Google is giving away users who demand privacy from Apple, Samsung, LG, Xiaomi and Sony

6 min read

Bruce Schneier, guru of cybersecurity, explained in his latest book, ‘Data and Goliath’ how we have lost the battle of privacy. The giants of technology are nourished by this data to offer more and better services for users, but they do so at the cost of trying to extract all the information they can from our activity in those services and applications.

Google is the most vilified company in this regard : the voracity with which it seeks to collect more and more data about us and what surrounds us is reaching unsuspected limits, and that has made winners and losers in that particular war for our privacy.

Google
Image Source: Google Image

Google, we have to talk about privacy

Google is condemned by its own business model, which is focused almost entirely on advertising. To serve advertising that suits us and is relevant to us Google must know us better, and that’s where that ambition appears to collect more and more data about us.

Google’s efforts were already questionable some time ago, but now they have become clearly worrisome. In the last months we have seen how it pursues us when we buy, when we communicate, when we take a walk(even if we deactivate the GPS) or when we use our WiFi network.

The problem is not just that they collect data. In fact, most people have already assumed that by using Google’s search engine, their Chrome browser or their webmail client Gmail is giving up some of their privacy so that Google can continue to offer those wonderful products and services-which they are in many aspects – for free.

The real problem lies in the fact that Google (like many other companies) fails miserably in its way of communicating what it collects and what does not, and for what reason. It also fails to provide information on how to turn off those options and the consequences for the user, so most people simply do not know how much privacy is giving way and what to do to minimize the risks.

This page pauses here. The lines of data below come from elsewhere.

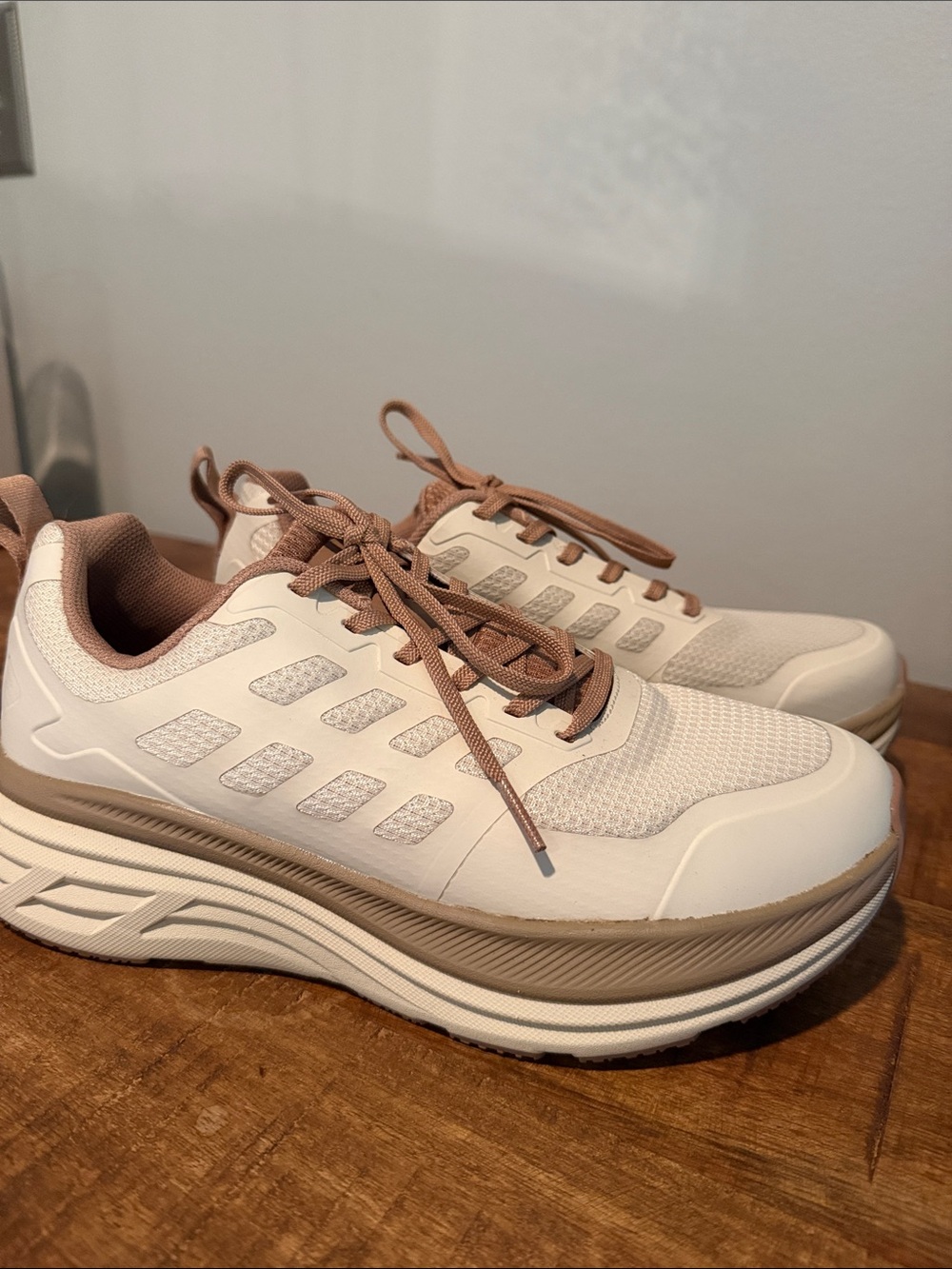 Nortiv 8 Women's Cream and Tan Platform Sneakers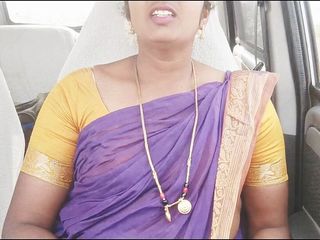Telugu Honey Lips: Indische Saree meid autoseks sheve poesje Telugu vuile praat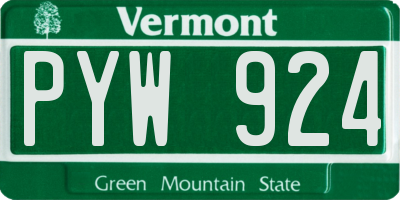 VT license plate PYW924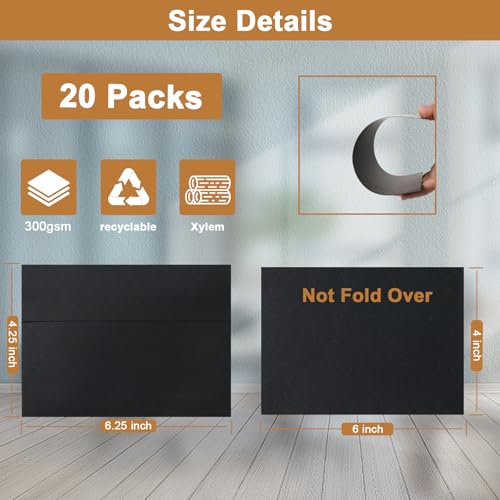 Silunkia 20 Packs Black Blank Greeting Cards and Envelopes 4 x 6 - color: Black, size: 4x6-20pcs
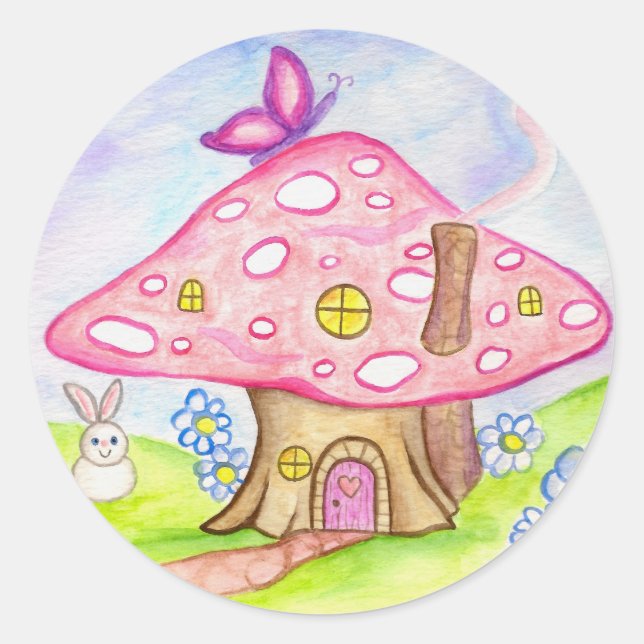 Butterfly Mushroom Spring Bunny Party Stickers (Vorderseite)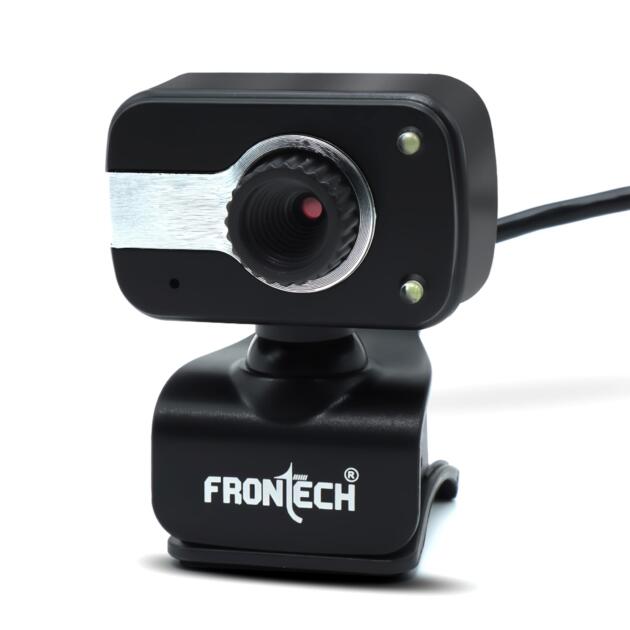 2252 Digital Zoom Webcam with Full Stereo Dual Built-in Mics, 480 Pixel CMOS Camera, USB 2.0, Automatic White Balance, Flexible Mount - Black & Silver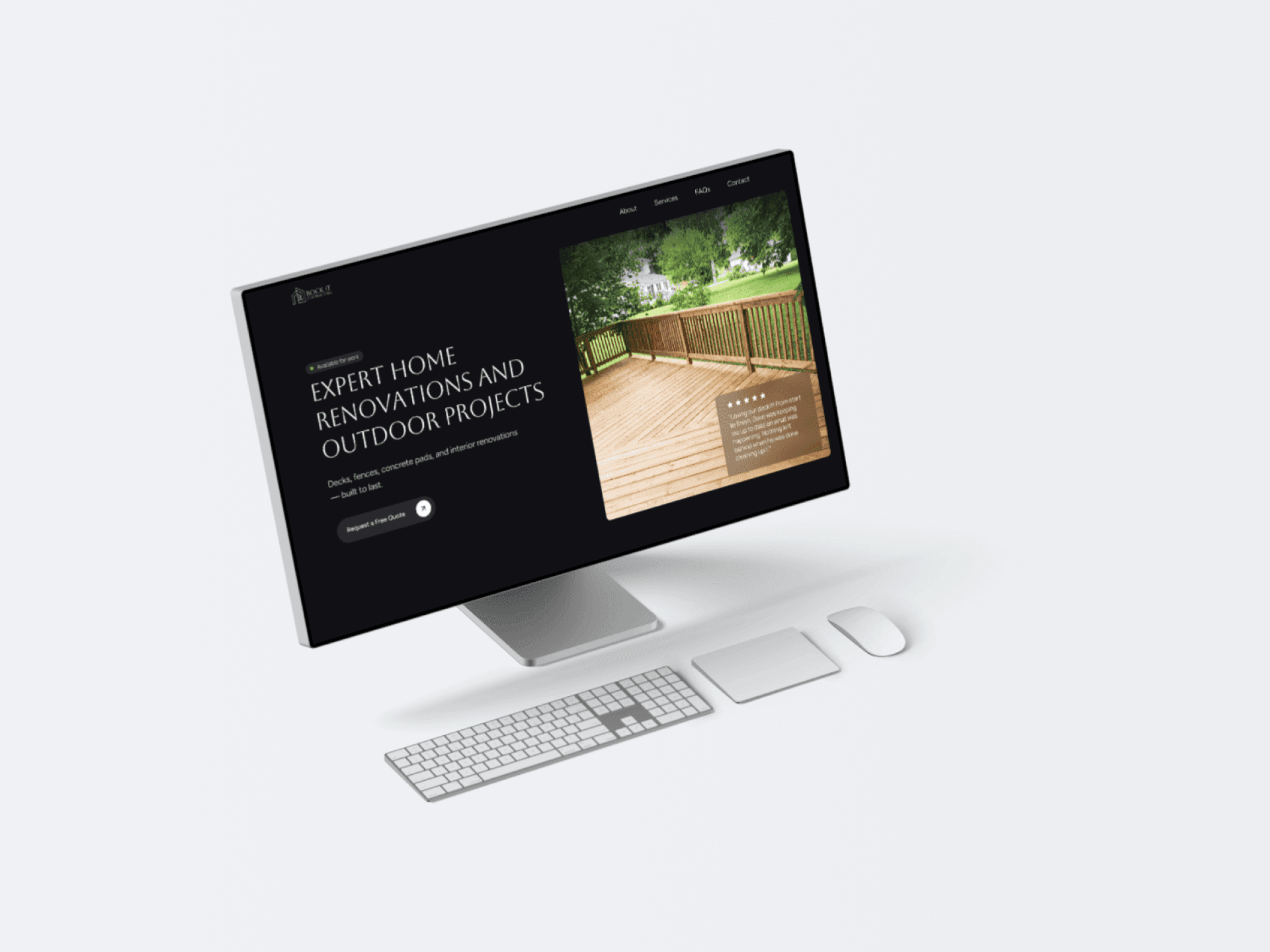 Desktop screen displaying renovation gallery and visual storytelling.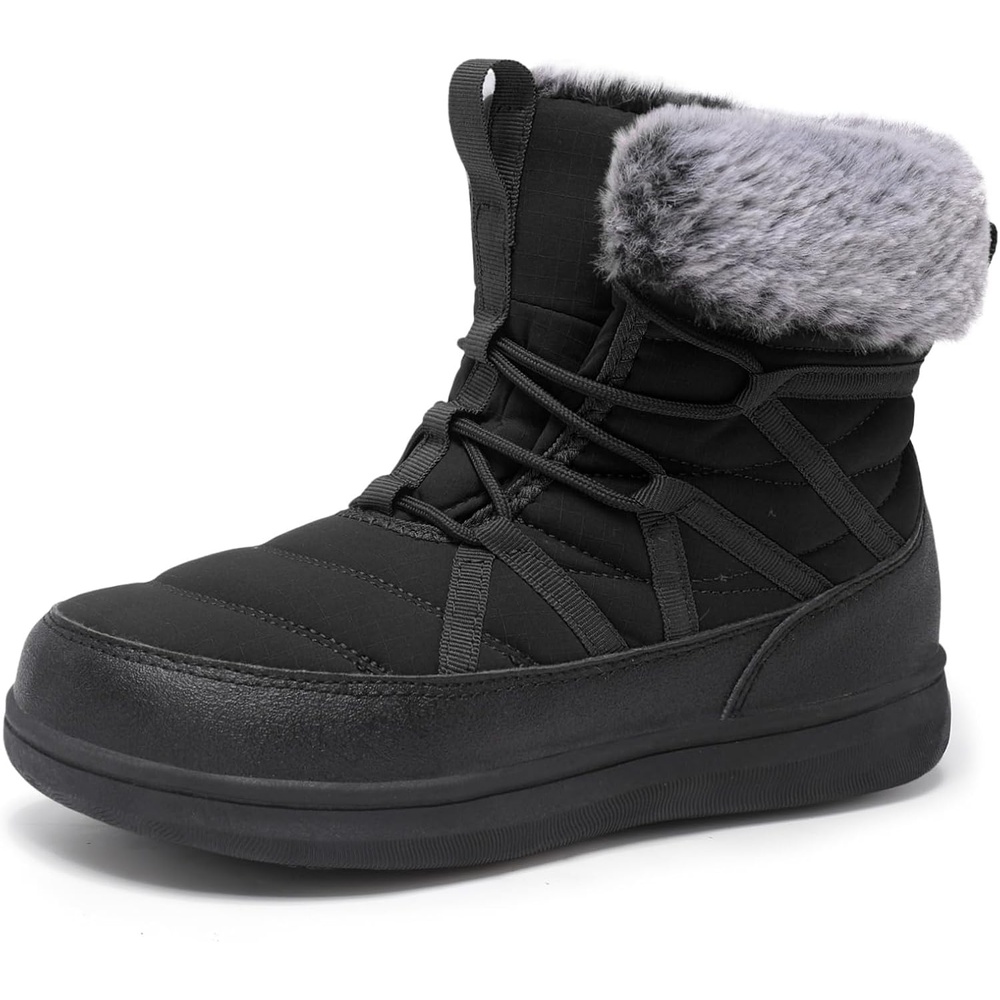 image:imageLeIsfIt Womens Winter Boots Faux Fur Lined Warm Ankle BootiesBlack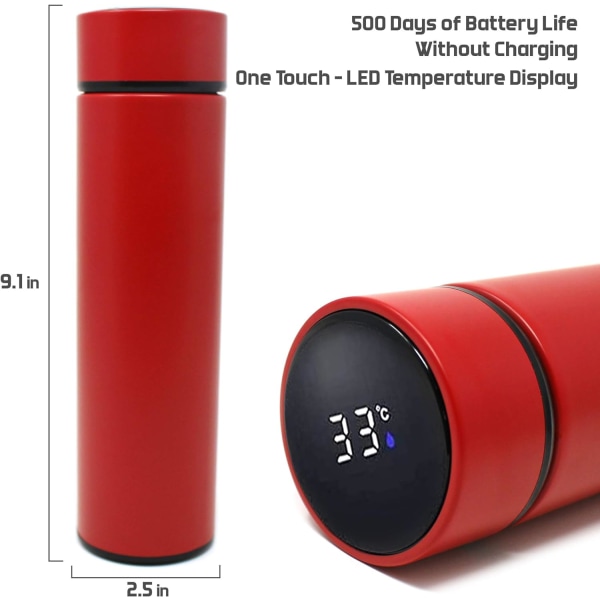 Isolerad vattenflaska Kaffe Te Resemugg Termos Vattenflaska med temperaturdisplay 500mL/16,9 Fl.oz - Håller sig varm eller kall i 12 timmar (blå)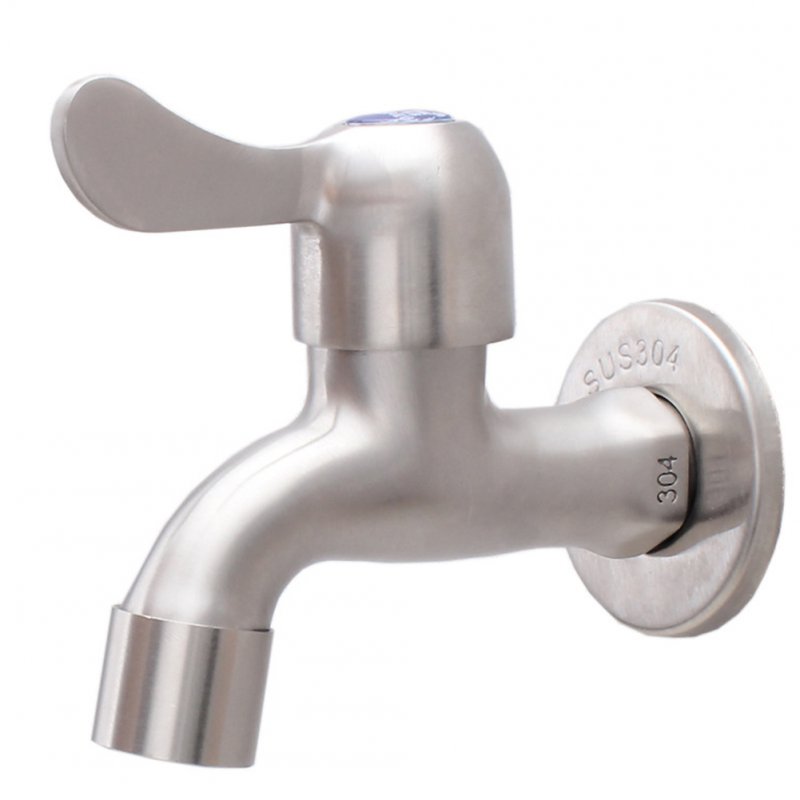 304 Stainless Steel Quick Opening Ceramic Core Faucet for Washing Machine Mop Pool Silver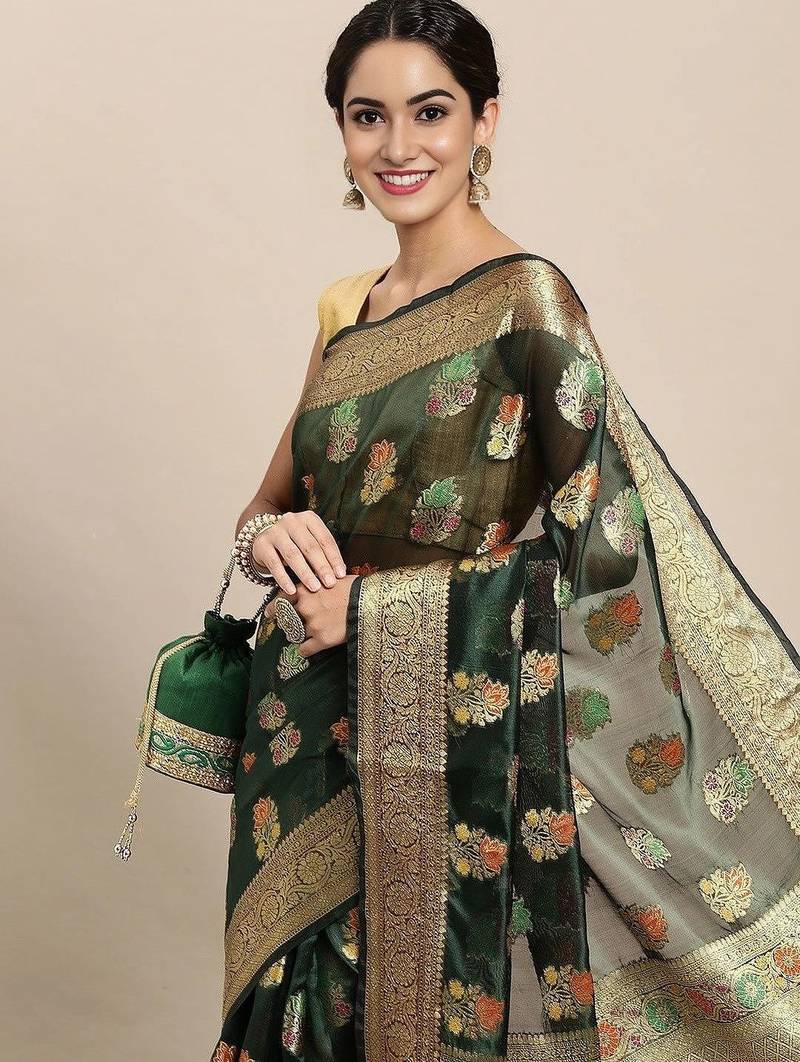 green woven design zari organza kanjeevaram saree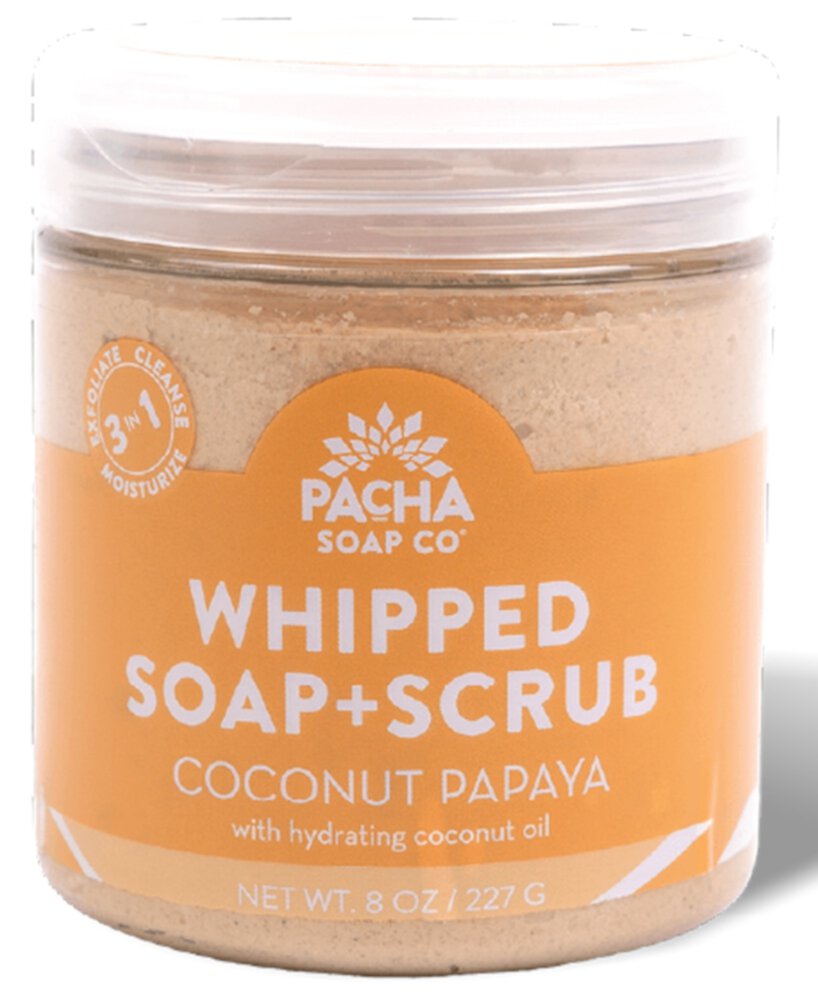 Взбитое мыло + скраб — кокос и папайя — 8 унций Pacha Soap Co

Here Google, and the speech is valid for many other large (and not so big) technology, should make a radical effort to be much more transparent and offer much more control over that data collection. What data does Google collect from my searches or my use of Gmail? With what reason? Where do these data go, how long are they saved, what kind of encryption process is used? And most important: how do I deactivate that collection partially or totally, and what consequences does it have to do?

Without that information, the only thing we can deduce is that the balance between privacy and comfort does not exist. Or choose one thing (use Gmail and assume that they will “read my mails”) or the other (I do not use Gmail, and I forget the email or I use more respectful alternatives with my privacy as Protonmail).

Continue Reading: Google has faced two artificial intelligence systems, will they fight or work together!

Google
Image Source: Google Image

If you do not pay for the product, you are the product (and if you pay, too)

Here comes the famous ‘if you do not pay for the product, is that you are the product’ to which many refer when they talk about the free services of Google (or Facebook, or Microsoft, or Twitter, or many others) that we use daily . The phrase, although striking, can be dismantled.

The developer Derek Powazek years ago with a series of examples indicating that different companies use different models in which it does not matter if the services are free or paid, because the data collection and the presence of advertising follows very different balances …

That you pay does not mean that you are not the product. Cable TV companies take our money and sell us to channels, magazines take our money and still sell advertising, banks and credit cards charge us for having our money. Any store that has a “loyalty card” charges us for products but offers discounts in exchange for the ability to monitor what we buy. In the real world we have routinely become “the product”, even when we pay.

The argument of Powazek is forceful and real, and the truth is that it does not matter whether we pay or not: it is likely that in both cases we will end up becoming the product. It is true that some companies have more interest than others in collecting data, but their business models are also based on that collection.

Google
Image Source: Google Image

A winner, many losers

As we anticipated at the beginning of this reflection, that attitude of Google has reached hard defensible limits, and here the big losers are of course users, exposed to policies that we hardly understand or can control.

We are not the only losers, because Google’s traditional partners, companies that use Android or Chrome OS, are also affected by the problem. Smartphones, tablets or Chromebooks from Samsung, LG, Xiaomi, Sony, Acer or many others are just another vehicle for data collection for Google, which is nourished by that huge market share of Android.

Obviously these companies are not exempt from fault, and many of them already collect additional data for their own benefit. Xiaomi does it, Samsung does it (a lot), LG does it, and Sony does it. The collection goes beyond Google and its services and products: Nintendo does it, Amazon does it, Facebook does it and, of course, Microsoft does it. Here the one who does not run flies.

They do it with the same purpose as Google, and here once again we are the users who do nothing but lose battles. It does not matter that we brandish that “we have nothing to hide”, because that argument is also easily dismantled. We simply cede and constantly sacrifice privacy in exchange for free services or comfort.

Interestingly there is a “great” winner of this battle, and that is Apple. For some time, the company led by Tim Cook has become a champion of privacy, while those companies that depend on Android (Samsung, LG, Xiaomi or Sony) are dragged by the side effects of Google’s greed for information ( and his own).

The defense of privacy is patent at the public level: Apple’s recent battles with the FBI and its constant discourse in this area are proof of that. But it is also that Apple has a business model totally different from Google, and that means that they do not need (so much) our data. From there to say that they do not collect them, yes, half a world.